◆ What the task requires
From the records below, copy each line in which the string "conversación" occurs.

◆ Records shown

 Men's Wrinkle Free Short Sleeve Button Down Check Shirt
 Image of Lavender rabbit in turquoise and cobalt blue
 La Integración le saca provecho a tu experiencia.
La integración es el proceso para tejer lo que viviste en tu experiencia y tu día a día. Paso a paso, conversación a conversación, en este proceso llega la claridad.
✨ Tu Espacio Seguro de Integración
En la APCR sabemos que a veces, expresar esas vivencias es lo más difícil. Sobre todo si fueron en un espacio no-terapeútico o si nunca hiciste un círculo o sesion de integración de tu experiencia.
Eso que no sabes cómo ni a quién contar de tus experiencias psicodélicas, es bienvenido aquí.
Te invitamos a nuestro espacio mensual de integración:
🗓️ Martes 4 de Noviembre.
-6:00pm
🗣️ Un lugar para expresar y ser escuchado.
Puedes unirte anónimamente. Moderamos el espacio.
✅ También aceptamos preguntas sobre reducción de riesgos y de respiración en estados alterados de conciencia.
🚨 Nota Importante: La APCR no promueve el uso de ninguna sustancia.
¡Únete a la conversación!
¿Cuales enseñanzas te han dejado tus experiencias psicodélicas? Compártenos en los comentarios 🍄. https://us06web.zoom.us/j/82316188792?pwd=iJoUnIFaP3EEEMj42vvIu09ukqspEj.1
--
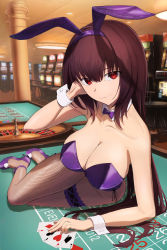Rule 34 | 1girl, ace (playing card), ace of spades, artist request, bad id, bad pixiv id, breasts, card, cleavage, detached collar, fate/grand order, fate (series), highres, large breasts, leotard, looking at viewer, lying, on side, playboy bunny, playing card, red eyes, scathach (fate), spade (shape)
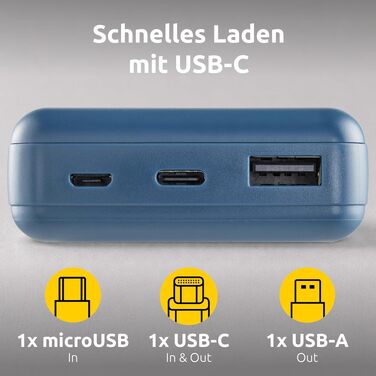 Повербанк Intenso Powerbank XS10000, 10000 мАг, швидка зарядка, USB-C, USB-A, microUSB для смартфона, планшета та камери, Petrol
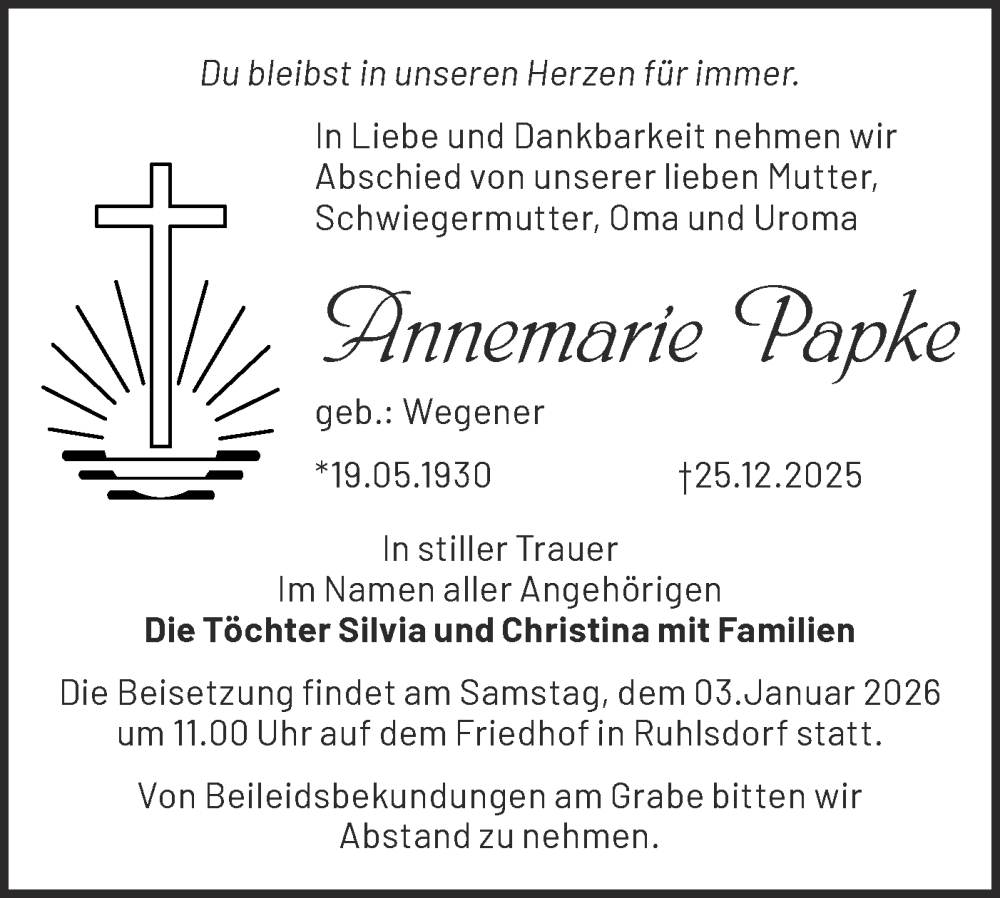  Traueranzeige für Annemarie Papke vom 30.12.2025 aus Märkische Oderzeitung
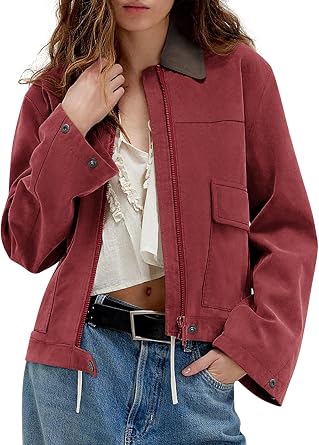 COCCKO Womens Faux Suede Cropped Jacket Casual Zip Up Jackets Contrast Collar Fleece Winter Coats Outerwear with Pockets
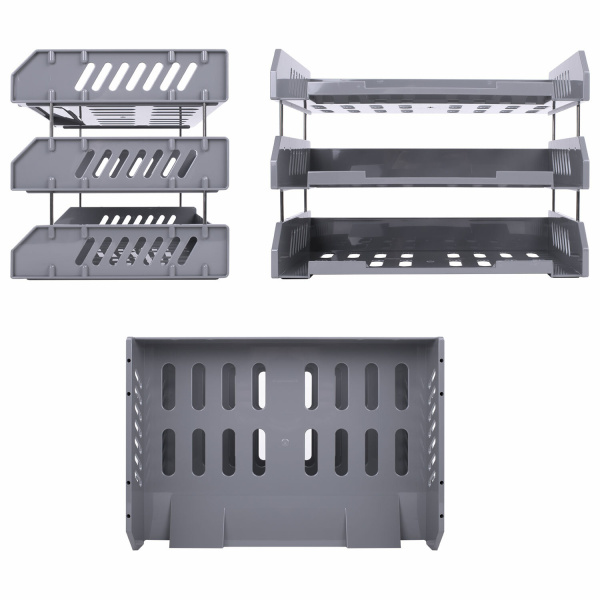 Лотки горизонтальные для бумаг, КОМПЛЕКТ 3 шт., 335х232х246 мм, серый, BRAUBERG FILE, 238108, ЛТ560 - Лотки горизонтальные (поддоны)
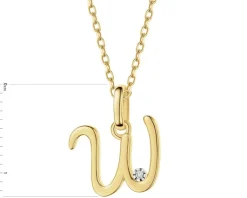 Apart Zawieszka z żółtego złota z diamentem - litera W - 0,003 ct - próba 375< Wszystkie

◆ Your response
La integración es el proceso para tejer lo que viviste en tu experiencia y tu día a día. Paso a paso, conversación a conversación, en este proceso llega la claridad.
¡Únete a la conversación!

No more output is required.